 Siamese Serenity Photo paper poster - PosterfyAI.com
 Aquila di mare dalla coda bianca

....

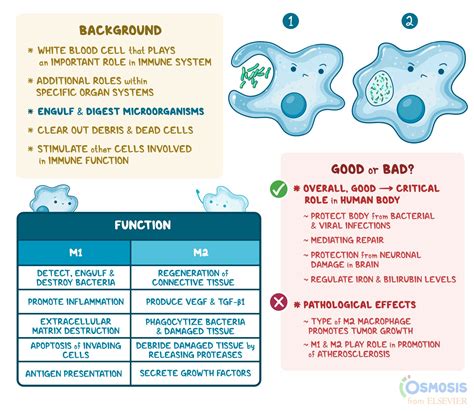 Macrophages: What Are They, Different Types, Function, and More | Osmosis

....

**Task item**
Output exactly one stretch of the listing: from the line containing "Siamese Serenity Photo" through the line containing "Aquila di mare dalla coda bianca", both end lines included.

**Your solution**
 Siamese Serenity Photo paper poster - PosterfyAI.com
 Aquila di mare dalla coda bianca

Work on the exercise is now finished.